Petraeus told ABC News’ Jonathan Karl Tuesday that if Obama visits Iraq later this month, commanders there will outline for him, in detail, the dangers of withdrawing too quickly. Petraeus said top commanders remain concerned that the gains are reversible and that withdrawing troops too quickly would be a mistake.
Taking a page from the 2004 GOP playbook against Sen. John Kerry, D-Mass., the Republican Party has attempted to portray Obama as a flip flopper on issues, sending an email Wednesday accusing Obama of a "shift" in his position on the Foreign Intelligence Surveillance Act, or FISA.

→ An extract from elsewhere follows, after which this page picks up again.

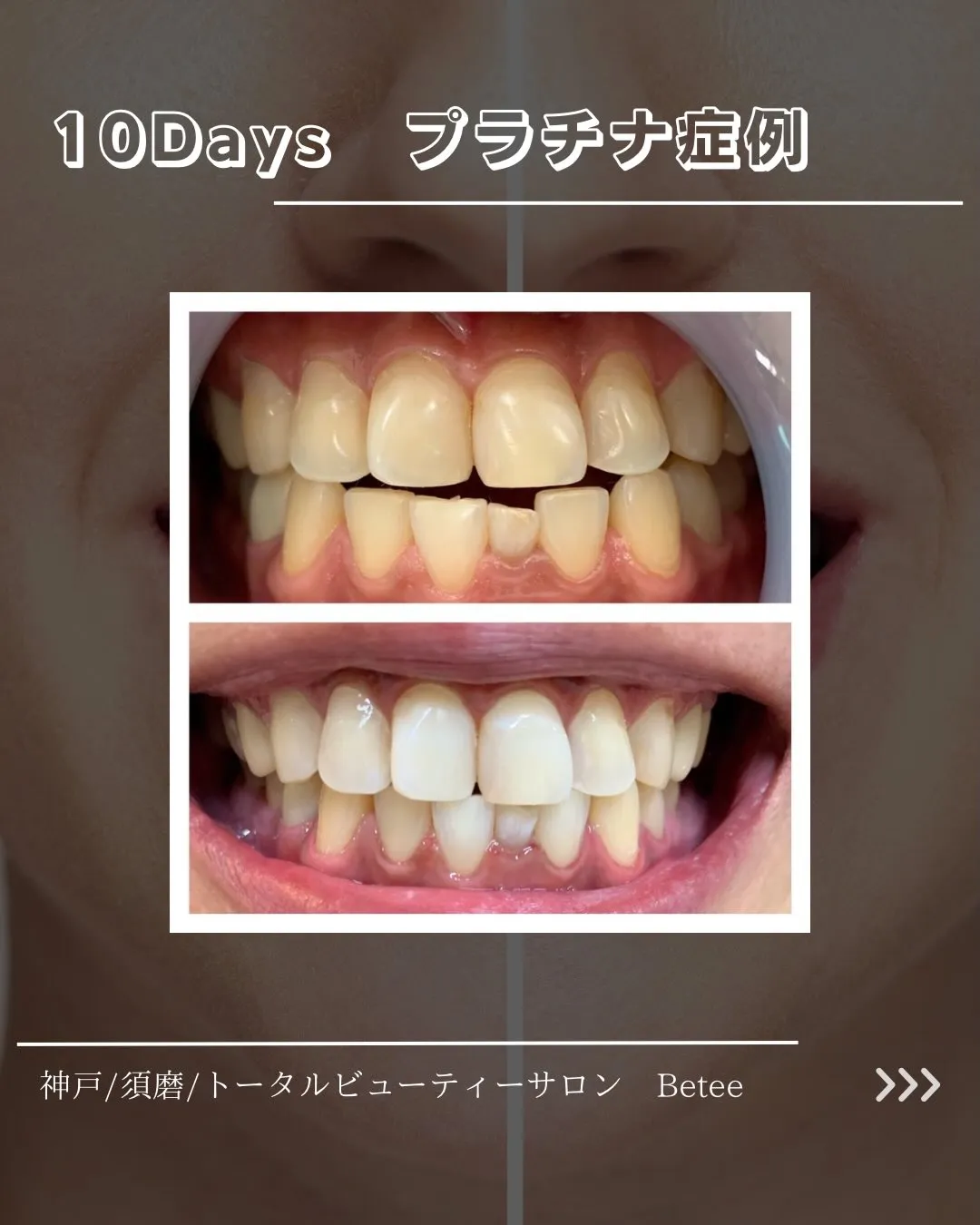 @whitening_betee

Chiming in today, McCain accused Obama of shifting his position on key issues.
"The fact is he’s changed his opinion on FISA, on public financing, on his agreement that he said he’d go anyplace anytime to sit down for a town hall meeting with me," McCain said, referring to the collapse of negotiations between the rivaling campaigns over town-hall style debates.

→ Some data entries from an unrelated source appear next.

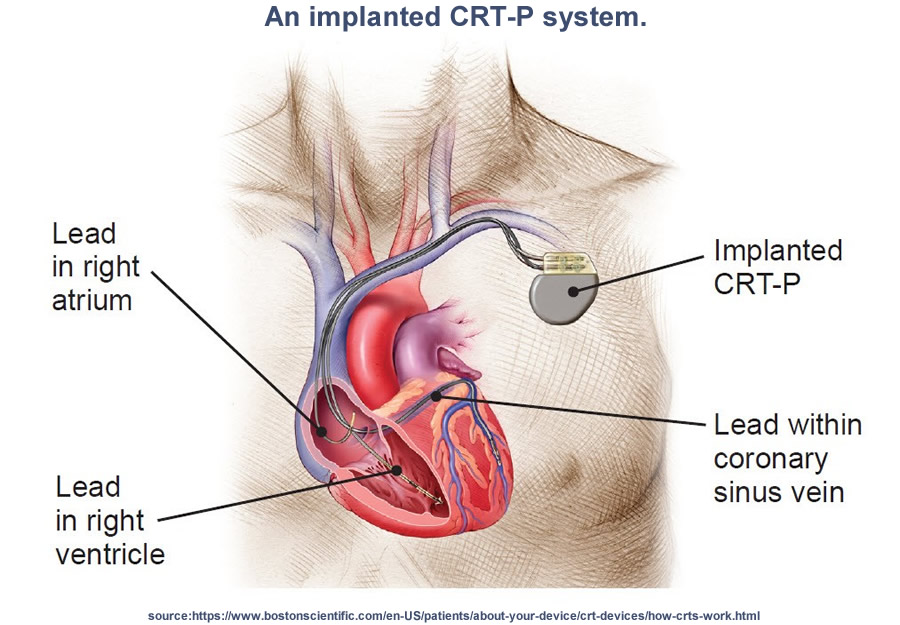 cardiac resynchronization therapy pacemaker (CRT-P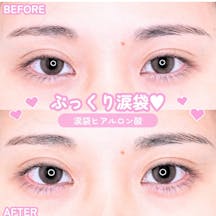 【女性・目元】涙袋ヒアルロン酸_before_aftar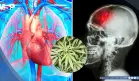 Uso habitual de marihuana se asociaría con mayor riesgo de eventos cardiovasculares y cerebrovasculares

McCain challenged Obama to a series of ten town hall meetings this summer but talks fell apart when Obama counter-offered two town-hall meetings this summer in addition to three network debates in the Fall.
"We were before the same organization yesterday, we could have just stood there together and answered their questions," McCain told Gibson. "He said that he would take public financing for the general election if I did as well and said that he agreed to it but those things will be judged by the American people buy I won’t hesitate to point them out," McCain said, laughing.